:: Data supplied ::
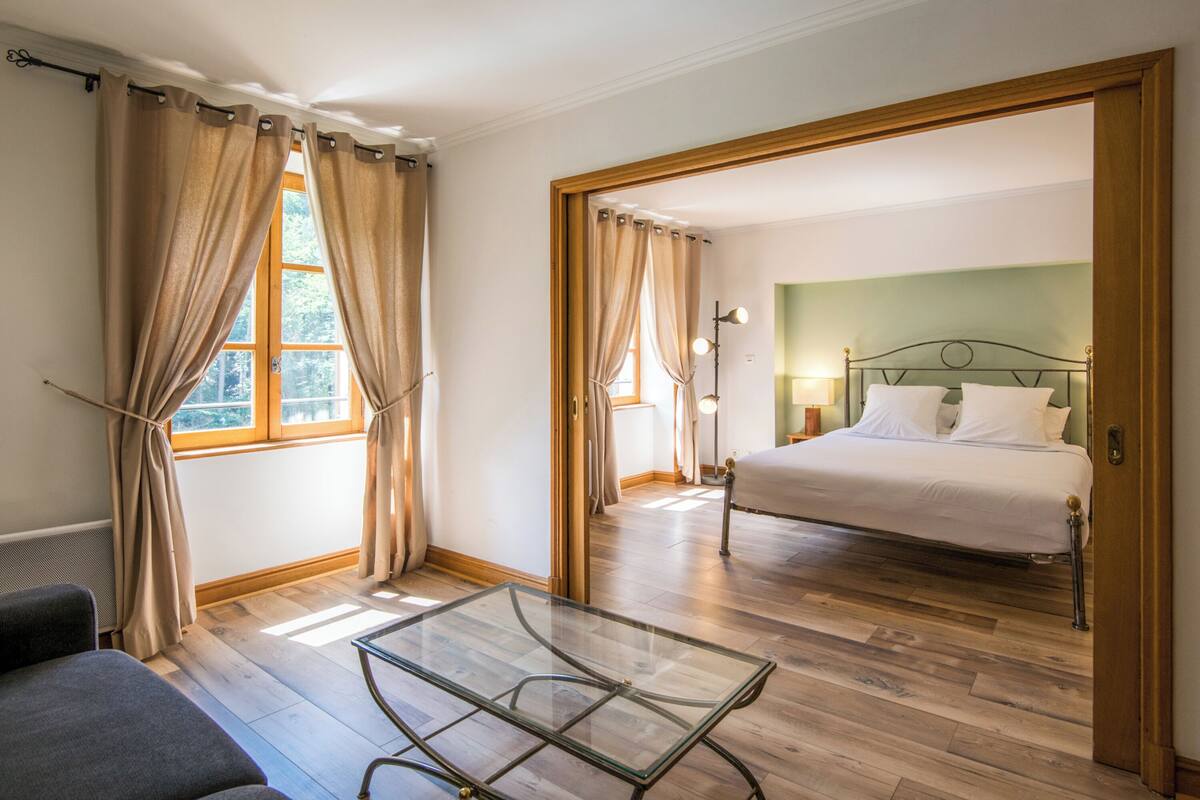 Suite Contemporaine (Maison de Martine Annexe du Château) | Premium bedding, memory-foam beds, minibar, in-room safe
:::
:: Data supplied ::
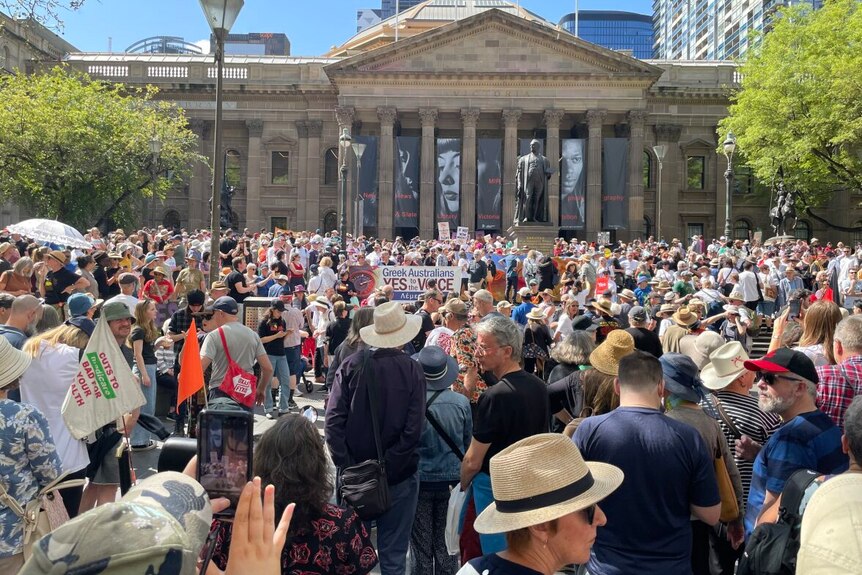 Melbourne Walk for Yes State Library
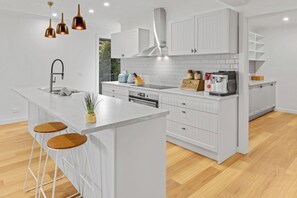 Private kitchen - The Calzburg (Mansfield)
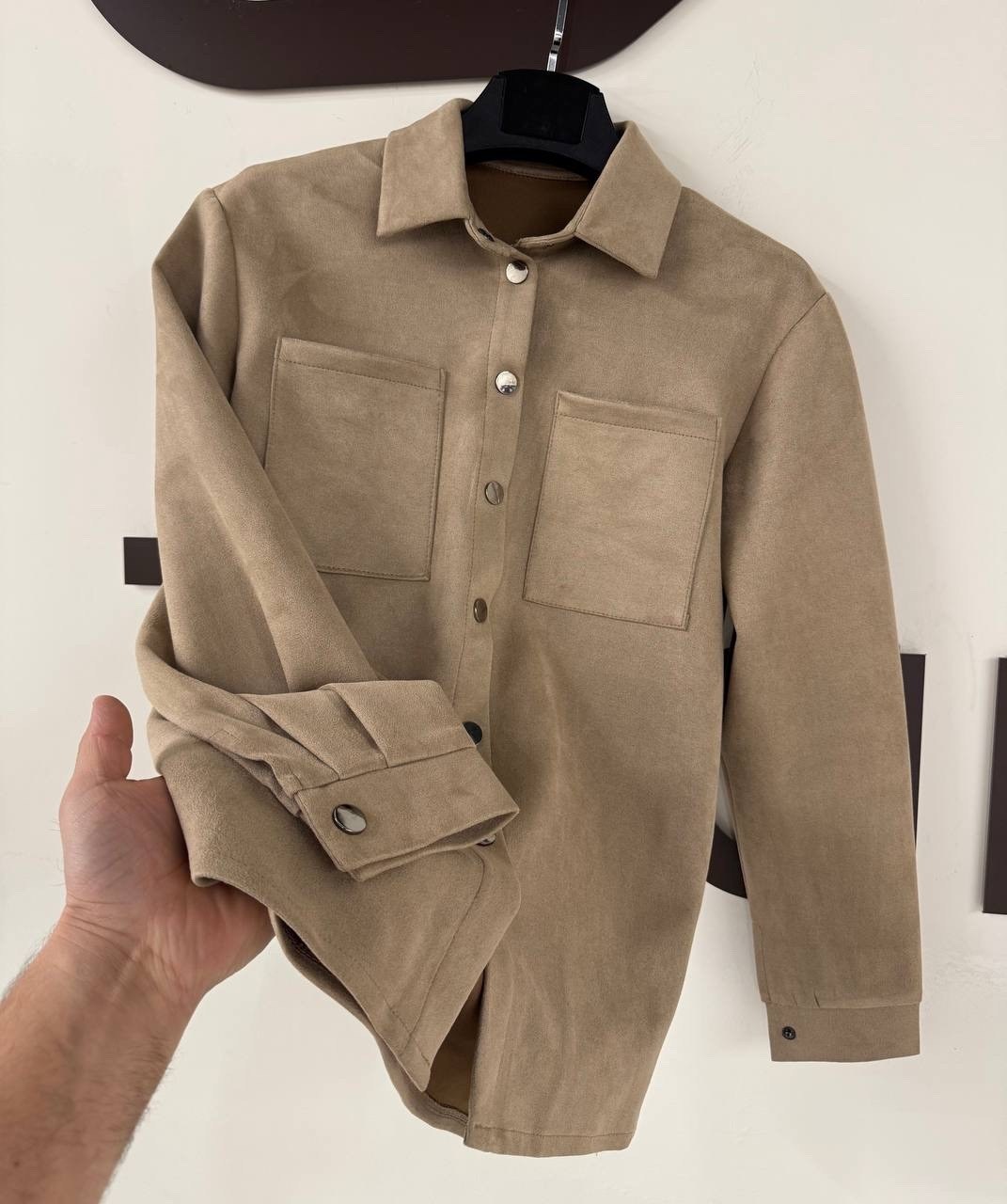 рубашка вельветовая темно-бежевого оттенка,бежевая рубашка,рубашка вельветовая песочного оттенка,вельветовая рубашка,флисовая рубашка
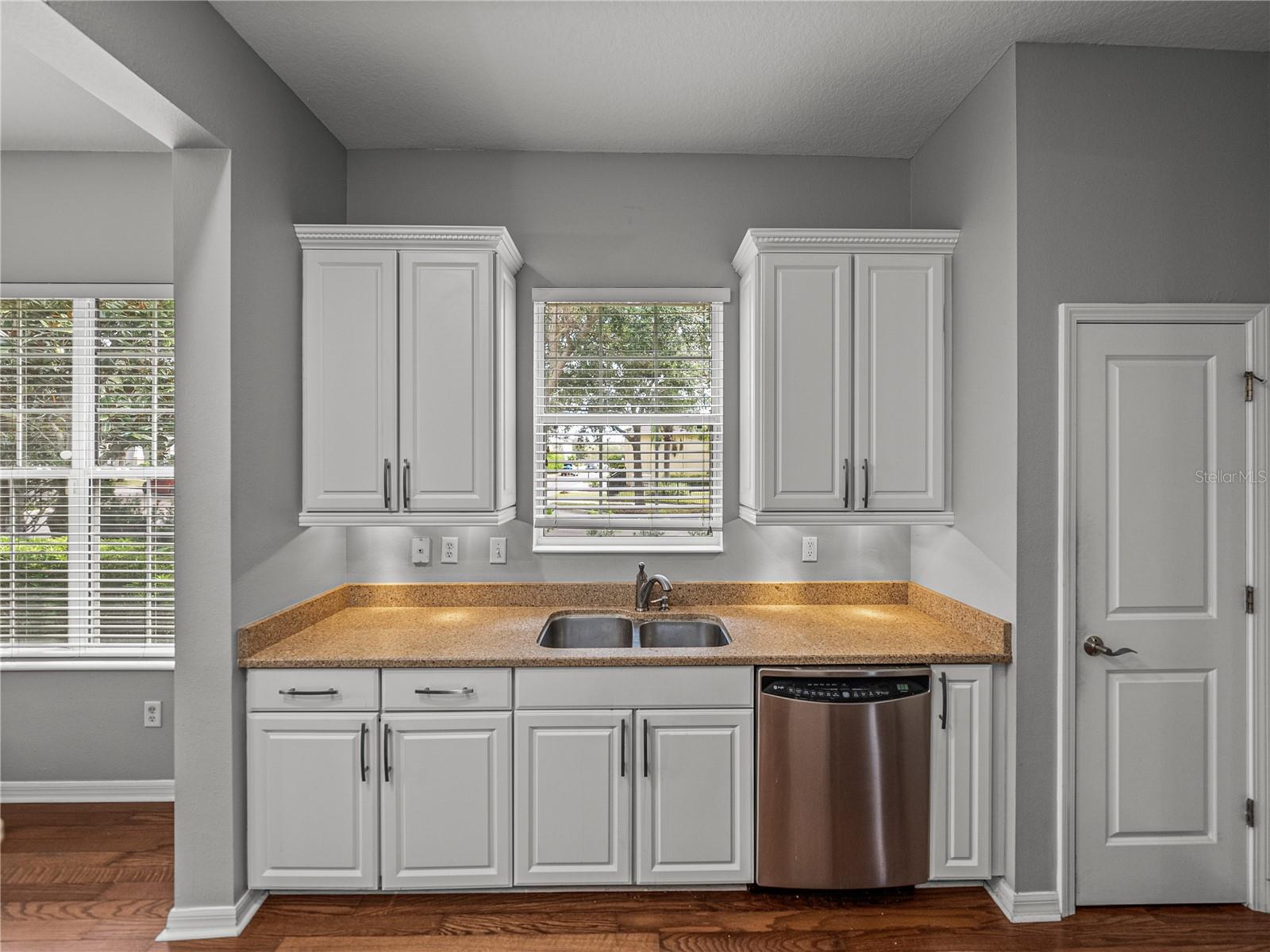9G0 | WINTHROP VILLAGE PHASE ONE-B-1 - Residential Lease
:::
The material above holds pictures; leave them out and set down exactly the lines from the line with "рубашка вельветовая темно-бежевого" to the line with "9G0 | WINTHROP", both included.

Task output:
 рубашка вельветовая темно-бежевого оттенка,бежевая рубашка,рубашка вельветовая песочного оттенка,вельветовая рубашка,флисовая рубашка
9G0 | WINTHROP VILLAGE PHASE ONE-B-1 - Residential Lease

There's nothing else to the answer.